Sabtu, 24 Januari 2026

Rapat Kerja FMKI Morowali: Bekerja untuk Rakyat

rapat kerja fmki morowali bekerja untuk rakyat
Rapat Kerja FMKI Morowali, Jumat (19/12/2025), di Aroby Coffe Ambunu, Kecamatan Bungku Barat. Foto: Ghaff

Morowali, Teraskabar.id – Forum Masyarakat Kawasan Investasi (FMKI) Kabupaten Morowali terus memperkuat konsolidasi internal organisasi. Melalui Rapat Kerja FMKI Morowali, forum ini menegaskan arah gerakan yang berpihak pada kepentingan rakyat. Kegiatan tersebut berlangsung pada Jumat (19/12/2025), bertempat di Aroby Coffee, Desa Ambunu, Kecamatan Bungku Barat.

Sejak awal pelaksanaan, rapat ini menghadirkan suasana diskusi yang terbuka dan partisipatif. Seluruh pengurus inti, para Ketua departemen, serta anggota aktif hadir dan terlibat secara langsung. Dengan demikian, rapat ini tidak hanya menjalankan agenda organisasi, tetapi juga membangun ruang tukar gagasan yang produktif.

Ketua Umum FMKI Morowali, Albar Djena, memimpin langsung jalannya rapat. Ia menyampaikan arahan strategis yang menegaskan watak kerakyatan FMKI. Menurutnya, organisasi harus bergerak aktif dan konsisten. Oleh karena itu, ia mendorong seluruh pengurus untuk bekerja nyata di tengah masyarakat.

Albar Djena menekankan bahwa FMKI harus menjaga independensi gerakan. Selain itu, ia mengingatkan pentingnya integritas dan keberpihakan sosial. Dengan sikap tersebut, FMKI dapat menjalankan peran sebagai mitra kritis yang konstruktif di kawasan investasi.

Rapat Kerja FMKI Morowali: Konsolidasi Organisasi Pasca Deklarasi

Forum ini memanfaatkan momentum rapat kerja sebagai langkah konsolidasi pasca deklarasi. Seluruh pengurus menyatukan visi, misi, serta orientasi kerja organisasi. Karena itu, forum ini membahas secara rinci arah kebijakan internal dan pola kerja kolektif.
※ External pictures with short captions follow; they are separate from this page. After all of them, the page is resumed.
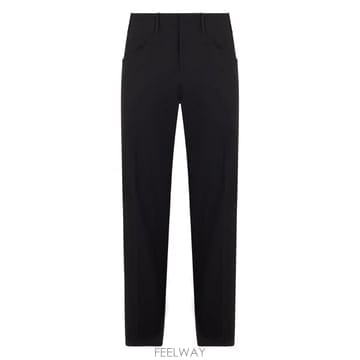 | Other Brand | 26SS VEILANCE PANTALONI L08455600BLACK TP57880246926SS VEILANCE PANTALONI L08455600BLACK TP578802469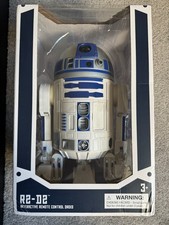 Droid Depot Interactive Remote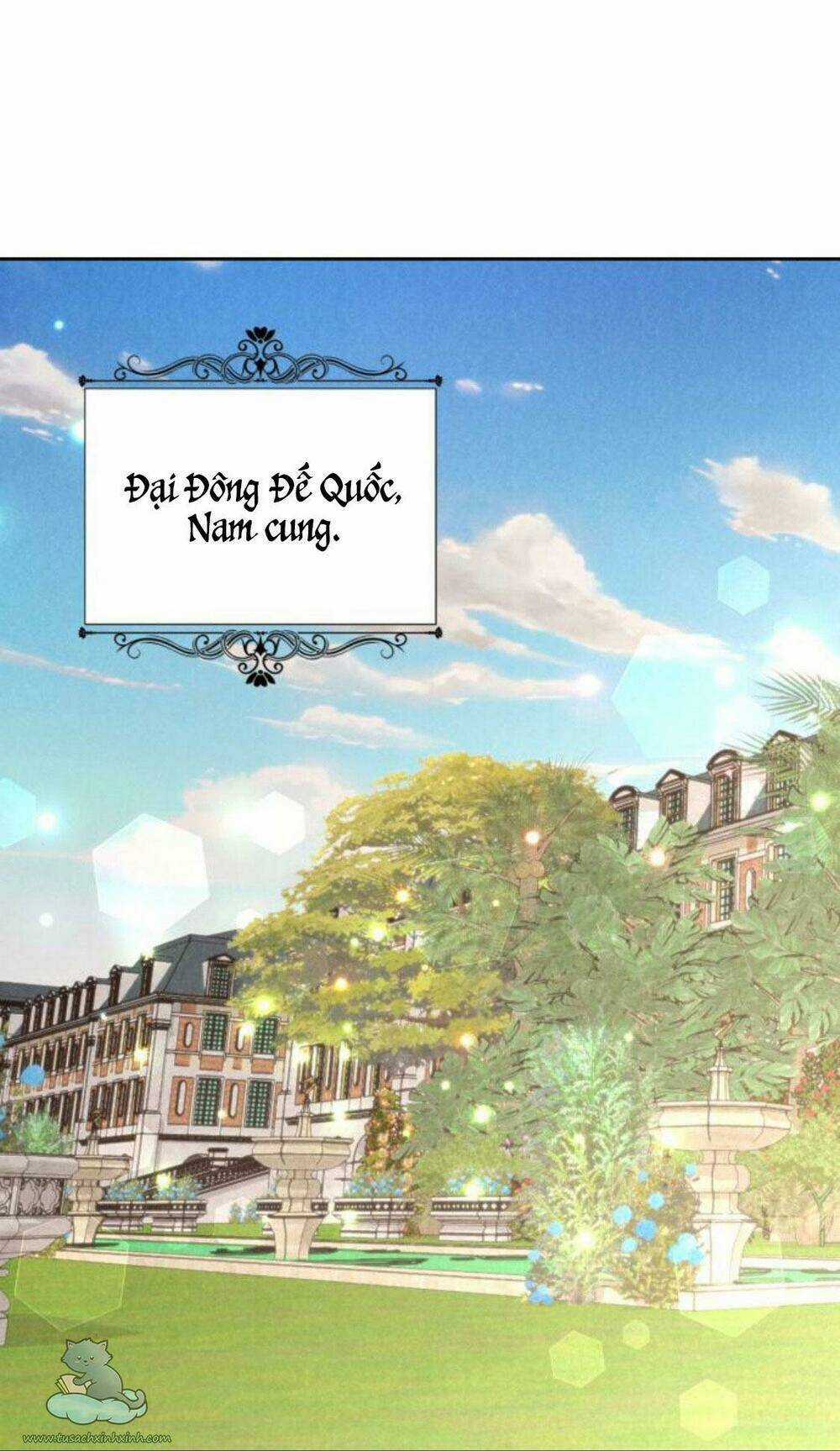 Hoàng Hậu Muốn Tái Hôn Chapter 112 trang 26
Setiap departemen menyampaikan pandangan strategis sesuai bidang tugas masing-masing. Selanjutnya, forum membahas metode pelaksanaan program secara bertahap dan terukur. Dengan pendekatan ini, FMKI memastikan setiap rencana kerja dapat dijalankan secara realistis.
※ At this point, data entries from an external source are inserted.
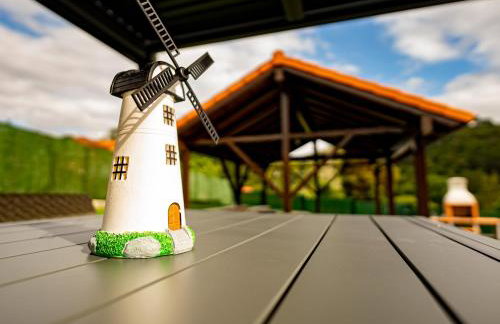 Vivienda vacacional El Peñon - Foto 12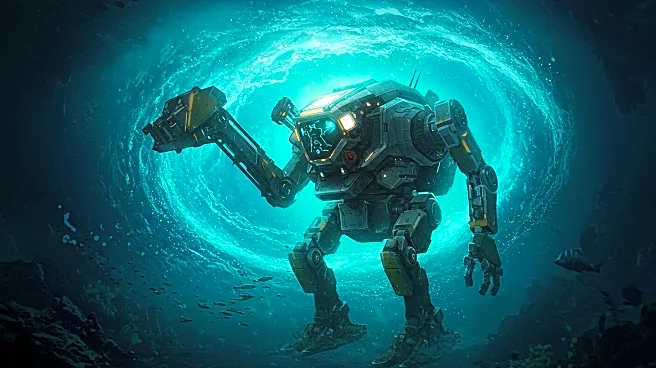 The Metals Company Seeks Advantage in Deep-Sea Mining Amid Regulatory Challenges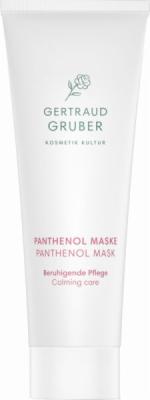 GRUBER PACKUNG PANTHENOL MASKE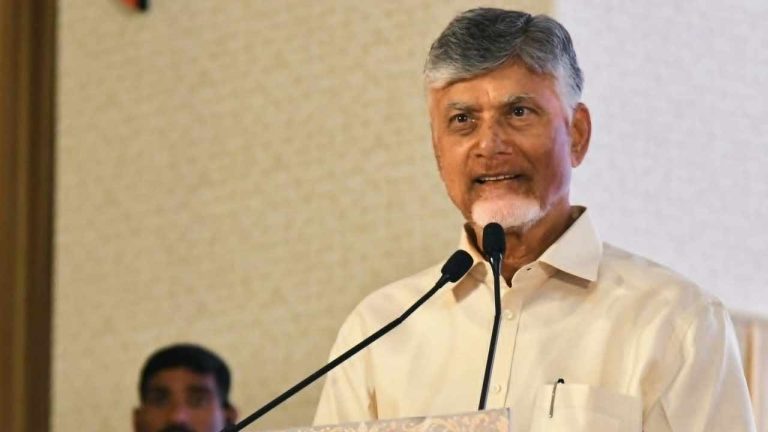 CM Chandrababu : కుప్పం రైతులకు చంద్రబాబు బిగ్ గిఫ్ట్..!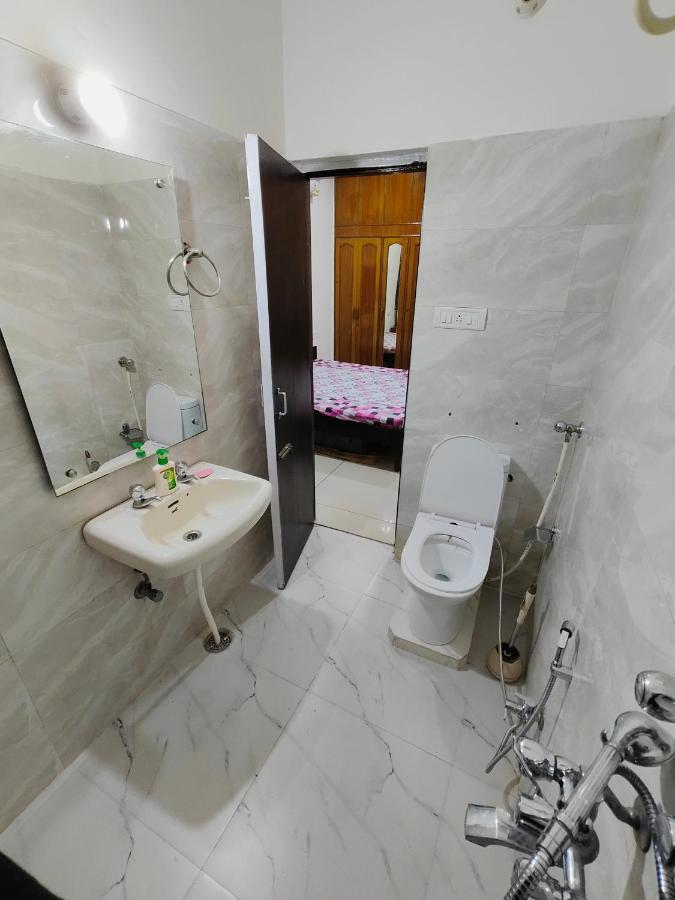 Chandigarh Home Exterior foto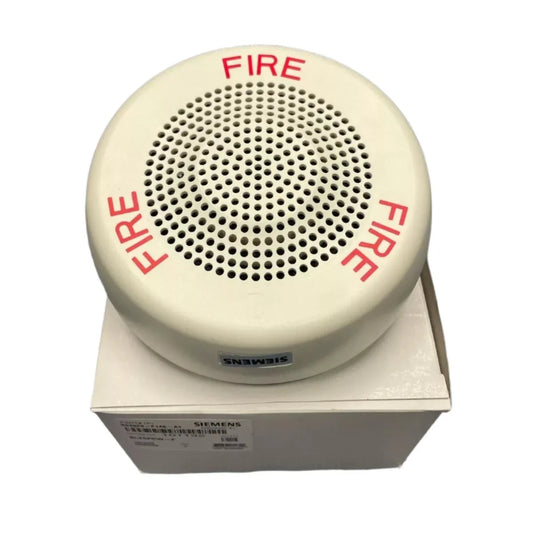 Siemens SL2SPCW-F (S54329-F146-A1) Speaker Ceiling White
Albar Djena mengarahkan seluruh pengurus untuk menghindari kerja seremonial. Ia mendorong budaya kerja yang disiplin dan bertanggung jawab. Selain itu, ia menegaskan bahwa FMKI harus hadir sebagai solusi sosial, bukan sekadar simbol organisasi.

  MK Tolak Permohonan Yasin-Syafiah, Vera-Taufik Burhan Jadi Bupati Donggala Terpilih

Melalui Rapat Kerja FMKI Morowali, forum ini memperkuat komitmen kolektif untuk membangun gerakan yang solid. Dengan kerja bersama, FMKI menargetkan dampak langsung bagi masyarakat lingkar kawasan investasi.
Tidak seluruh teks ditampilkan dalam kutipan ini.